=== Task prompt ===
Below are entries; output exactly the lines from the one with "Børn og voksne" to the one with "Charoite bracelet with", both included, and nothing else.

________

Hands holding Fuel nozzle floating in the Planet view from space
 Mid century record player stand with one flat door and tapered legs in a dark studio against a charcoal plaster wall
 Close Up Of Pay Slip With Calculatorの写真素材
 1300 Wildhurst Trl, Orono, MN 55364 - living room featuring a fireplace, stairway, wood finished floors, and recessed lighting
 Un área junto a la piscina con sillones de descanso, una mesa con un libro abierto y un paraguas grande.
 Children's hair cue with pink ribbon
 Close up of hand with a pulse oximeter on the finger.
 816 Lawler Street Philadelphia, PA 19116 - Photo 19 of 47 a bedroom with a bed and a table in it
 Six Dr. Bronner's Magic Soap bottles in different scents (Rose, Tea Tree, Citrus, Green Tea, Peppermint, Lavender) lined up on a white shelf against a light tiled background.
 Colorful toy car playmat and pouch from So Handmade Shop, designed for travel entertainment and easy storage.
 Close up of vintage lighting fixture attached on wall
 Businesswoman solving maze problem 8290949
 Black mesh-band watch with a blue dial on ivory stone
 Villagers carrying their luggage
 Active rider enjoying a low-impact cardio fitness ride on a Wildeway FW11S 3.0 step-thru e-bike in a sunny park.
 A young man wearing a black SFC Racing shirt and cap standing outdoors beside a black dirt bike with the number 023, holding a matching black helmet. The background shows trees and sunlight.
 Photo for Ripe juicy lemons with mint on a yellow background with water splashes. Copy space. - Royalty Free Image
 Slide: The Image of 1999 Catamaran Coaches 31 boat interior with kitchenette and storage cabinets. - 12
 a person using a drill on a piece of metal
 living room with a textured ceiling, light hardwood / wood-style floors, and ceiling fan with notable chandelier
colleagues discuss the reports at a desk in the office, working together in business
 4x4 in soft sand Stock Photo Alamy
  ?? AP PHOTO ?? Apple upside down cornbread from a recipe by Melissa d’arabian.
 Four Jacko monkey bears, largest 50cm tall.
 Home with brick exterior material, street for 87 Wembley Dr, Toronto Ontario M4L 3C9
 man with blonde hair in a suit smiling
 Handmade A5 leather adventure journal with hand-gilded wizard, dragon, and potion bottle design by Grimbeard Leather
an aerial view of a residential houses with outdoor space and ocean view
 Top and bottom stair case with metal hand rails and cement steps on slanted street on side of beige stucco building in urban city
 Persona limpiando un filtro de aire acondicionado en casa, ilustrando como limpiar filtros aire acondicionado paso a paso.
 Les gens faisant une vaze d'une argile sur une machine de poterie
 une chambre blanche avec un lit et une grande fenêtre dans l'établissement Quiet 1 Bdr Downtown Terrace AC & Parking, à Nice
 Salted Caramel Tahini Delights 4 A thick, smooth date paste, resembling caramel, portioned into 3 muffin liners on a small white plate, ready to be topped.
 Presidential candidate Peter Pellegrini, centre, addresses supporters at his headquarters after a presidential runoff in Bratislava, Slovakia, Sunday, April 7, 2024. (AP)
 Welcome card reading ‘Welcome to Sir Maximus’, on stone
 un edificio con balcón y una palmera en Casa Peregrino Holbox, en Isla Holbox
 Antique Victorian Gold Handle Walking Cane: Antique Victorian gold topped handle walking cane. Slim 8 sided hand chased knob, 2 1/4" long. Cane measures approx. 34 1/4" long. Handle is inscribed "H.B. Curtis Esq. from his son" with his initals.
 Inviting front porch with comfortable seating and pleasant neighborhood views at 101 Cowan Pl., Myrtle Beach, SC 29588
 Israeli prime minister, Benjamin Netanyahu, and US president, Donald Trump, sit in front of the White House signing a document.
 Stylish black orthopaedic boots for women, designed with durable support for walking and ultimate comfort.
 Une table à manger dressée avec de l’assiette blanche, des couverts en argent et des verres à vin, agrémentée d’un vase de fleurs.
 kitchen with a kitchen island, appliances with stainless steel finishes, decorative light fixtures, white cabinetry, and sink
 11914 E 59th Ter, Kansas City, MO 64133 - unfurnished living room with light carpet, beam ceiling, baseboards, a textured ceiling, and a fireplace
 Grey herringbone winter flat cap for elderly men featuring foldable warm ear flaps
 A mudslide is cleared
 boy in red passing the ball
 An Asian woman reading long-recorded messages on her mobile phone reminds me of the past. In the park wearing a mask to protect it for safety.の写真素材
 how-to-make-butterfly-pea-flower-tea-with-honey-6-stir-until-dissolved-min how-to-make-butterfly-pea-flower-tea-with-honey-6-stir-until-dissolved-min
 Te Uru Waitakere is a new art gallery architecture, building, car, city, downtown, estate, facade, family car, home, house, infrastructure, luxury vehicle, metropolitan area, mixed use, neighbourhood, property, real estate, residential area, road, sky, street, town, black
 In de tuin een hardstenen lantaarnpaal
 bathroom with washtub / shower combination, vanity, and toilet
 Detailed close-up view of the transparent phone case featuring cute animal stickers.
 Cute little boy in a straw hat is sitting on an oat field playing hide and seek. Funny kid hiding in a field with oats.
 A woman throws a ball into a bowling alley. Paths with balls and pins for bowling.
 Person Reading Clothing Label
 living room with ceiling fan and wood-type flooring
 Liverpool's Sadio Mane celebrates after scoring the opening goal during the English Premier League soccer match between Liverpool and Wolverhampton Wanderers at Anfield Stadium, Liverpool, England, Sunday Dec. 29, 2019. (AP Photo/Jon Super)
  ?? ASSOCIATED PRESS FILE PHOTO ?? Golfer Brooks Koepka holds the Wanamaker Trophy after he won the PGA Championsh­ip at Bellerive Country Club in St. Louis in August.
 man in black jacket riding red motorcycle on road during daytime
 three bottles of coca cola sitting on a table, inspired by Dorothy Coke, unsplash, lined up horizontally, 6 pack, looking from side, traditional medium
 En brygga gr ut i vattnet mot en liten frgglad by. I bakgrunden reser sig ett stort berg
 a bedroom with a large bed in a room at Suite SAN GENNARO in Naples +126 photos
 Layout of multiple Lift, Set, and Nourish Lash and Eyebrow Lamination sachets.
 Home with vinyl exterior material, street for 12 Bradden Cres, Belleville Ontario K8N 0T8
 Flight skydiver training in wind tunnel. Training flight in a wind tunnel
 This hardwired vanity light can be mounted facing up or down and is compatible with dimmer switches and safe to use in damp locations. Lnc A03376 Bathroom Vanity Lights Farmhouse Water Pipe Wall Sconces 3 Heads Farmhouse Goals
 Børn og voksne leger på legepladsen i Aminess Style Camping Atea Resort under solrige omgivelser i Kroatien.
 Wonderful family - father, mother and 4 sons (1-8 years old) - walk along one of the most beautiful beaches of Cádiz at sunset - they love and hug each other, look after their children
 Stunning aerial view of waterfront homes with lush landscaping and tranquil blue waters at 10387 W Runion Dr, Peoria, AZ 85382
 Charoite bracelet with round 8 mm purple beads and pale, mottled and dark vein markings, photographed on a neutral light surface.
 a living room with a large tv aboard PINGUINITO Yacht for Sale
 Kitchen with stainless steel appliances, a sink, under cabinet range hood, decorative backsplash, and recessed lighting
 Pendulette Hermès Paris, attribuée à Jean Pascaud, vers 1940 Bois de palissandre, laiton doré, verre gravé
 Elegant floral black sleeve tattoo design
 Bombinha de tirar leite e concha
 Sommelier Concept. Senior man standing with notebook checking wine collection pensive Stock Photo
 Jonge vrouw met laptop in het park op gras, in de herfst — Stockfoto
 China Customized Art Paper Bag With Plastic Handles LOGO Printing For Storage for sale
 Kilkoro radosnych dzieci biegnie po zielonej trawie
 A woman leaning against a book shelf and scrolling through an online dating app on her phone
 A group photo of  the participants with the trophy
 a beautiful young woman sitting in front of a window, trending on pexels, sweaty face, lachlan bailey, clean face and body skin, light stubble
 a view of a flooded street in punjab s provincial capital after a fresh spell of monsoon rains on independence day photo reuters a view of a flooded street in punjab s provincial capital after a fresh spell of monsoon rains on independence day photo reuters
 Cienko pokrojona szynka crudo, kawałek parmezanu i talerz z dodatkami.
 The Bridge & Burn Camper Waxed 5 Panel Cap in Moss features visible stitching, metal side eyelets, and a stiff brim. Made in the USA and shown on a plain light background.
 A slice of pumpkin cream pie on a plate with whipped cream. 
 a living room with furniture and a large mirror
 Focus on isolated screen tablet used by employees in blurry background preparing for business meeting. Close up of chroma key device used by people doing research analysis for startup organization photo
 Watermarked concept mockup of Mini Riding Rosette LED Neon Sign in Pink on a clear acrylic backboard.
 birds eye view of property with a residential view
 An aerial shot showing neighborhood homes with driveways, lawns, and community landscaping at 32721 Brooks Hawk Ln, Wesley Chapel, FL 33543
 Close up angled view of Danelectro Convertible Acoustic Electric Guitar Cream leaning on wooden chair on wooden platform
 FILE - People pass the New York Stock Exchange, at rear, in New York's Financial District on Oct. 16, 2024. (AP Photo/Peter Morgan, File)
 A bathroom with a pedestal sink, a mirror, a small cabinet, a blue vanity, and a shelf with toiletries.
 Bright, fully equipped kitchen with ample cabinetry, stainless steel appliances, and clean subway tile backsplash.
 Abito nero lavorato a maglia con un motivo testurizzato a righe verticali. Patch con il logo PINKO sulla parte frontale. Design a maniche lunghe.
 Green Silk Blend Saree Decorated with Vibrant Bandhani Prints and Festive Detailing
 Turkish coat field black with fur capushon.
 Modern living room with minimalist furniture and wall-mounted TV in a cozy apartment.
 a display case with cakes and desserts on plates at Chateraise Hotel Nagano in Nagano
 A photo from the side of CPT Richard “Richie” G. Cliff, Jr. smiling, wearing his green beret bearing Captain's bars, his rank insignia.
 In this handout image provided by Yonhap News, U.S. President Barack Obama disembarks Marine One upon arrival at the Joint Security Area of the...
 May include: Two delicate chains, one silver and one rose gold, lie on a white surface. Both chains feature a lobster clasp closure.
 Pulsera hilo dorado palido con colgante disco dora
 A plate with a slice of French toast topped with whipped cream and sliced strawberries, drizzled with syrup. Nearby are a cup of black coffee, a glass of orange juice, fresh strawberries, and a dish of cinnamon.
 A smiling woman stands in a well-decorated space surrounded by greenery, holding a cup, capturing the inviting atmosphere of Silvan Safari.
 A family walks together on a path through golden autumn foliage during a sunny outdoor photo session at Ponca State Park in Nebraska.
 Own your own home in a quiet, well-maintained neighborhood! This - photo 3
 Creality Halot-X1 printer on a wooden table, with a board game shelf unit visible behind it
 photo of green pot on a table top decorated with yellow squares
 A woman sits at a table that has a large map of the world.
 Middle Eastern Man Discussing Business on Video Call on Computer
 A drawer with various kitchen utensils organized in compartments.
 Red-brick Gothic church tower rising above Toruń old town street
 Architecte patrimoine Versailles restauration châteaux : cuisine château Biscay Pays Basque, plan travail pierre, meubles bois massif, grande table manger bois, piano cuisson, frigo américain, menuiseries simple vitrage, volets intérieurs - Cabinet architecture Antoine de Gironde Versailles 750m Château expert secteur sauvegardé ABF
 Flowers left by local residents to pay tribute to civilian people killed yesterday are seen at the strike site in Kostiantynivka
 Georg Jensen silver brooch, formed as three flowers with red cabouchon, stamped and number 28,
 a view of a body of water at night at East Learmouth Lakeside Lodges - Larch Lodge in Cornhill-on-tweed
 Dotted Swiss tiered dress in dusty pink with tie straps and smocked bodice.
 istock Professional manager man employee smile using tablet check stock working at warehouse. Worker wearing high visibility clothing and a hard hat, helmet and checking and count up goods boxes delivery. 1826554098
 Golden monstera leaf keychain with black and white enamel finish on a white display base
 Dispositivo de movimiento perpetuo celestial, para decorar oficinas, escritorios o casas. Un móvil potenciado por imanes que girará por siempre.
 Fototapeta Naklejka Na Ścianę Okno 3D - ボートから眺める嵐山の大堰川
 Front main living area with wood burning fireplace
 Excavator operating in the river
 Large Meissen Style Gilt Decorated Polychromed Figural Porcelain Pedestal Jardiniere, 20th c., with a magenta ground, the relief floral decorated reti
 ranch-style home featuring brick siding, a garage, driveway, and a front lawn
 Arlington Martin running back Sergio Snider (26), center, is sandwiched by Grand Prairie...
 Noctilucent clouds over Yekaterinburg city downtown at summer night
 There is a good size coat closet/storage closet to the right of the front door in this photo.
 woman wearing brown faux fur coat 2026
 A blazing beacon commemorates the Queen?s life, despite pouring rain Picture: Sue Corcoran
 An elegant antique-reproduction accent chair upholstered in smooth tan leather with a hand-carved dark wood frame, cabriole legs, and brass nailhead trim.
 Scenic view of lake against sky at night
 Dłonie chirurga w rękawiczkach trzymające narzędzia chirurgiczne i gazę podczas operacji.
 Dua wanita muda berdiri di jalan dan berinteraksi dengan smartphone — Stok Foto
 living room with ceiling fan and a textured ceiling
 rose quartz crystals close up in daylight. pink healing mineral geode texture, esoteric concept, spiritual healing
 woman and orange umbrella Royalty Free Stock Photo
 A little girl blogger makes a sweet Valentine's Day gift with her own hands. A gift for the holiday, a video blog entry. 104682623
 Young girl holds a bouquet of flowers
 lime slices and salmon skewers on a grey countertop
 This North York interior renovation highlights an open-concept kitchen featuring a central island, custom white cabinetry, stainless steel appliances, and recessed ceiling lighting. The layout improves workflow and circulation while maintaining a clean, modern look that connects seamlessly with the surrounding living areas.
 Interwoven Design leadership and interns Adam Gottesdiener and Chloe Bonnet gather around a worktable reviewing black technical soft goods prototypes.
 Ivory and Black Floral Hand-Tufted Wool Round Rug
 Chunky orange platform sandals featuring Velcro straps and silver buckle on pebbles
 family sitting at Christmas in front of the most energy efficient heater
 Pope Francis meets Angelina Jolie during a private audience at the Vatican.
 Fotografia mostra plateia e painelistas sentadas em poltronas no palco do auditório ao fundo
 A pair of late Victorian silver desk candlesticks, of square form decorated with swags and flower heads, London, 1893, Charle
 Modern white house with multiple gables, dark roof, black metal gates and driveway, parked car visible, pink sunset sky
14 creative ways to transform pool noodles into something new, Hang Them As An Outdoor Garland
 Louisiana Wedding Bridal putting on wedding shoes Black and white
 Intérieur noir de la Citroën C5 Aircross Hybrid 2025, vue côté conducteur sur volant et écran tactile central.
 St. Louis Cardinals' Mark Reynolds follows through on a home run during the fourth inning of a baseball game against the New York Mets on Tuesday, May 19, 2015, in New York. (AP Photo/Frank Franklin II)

________

=== Task solution ===
 Børn og voksne leger på legepladsen i Aminess Style Camping Atea Resort under solrige omgivelser i Kroatien.
 Wonderful family - father, mother and 4 sons (1-8 years old) - walk along one of the most beautiful beaches of Cádiz at sunset - they love and hug each other, look after their children
 Stunning aerial view of waterfront homes with lush landscaping and tranquil blue waters at 10387 W Runion Dr, Peoria, AZ 85382
 Charoite bracelet with round 8 mm purple beads and pale, mottled and dark vein markings, photographed on a neutral light surface.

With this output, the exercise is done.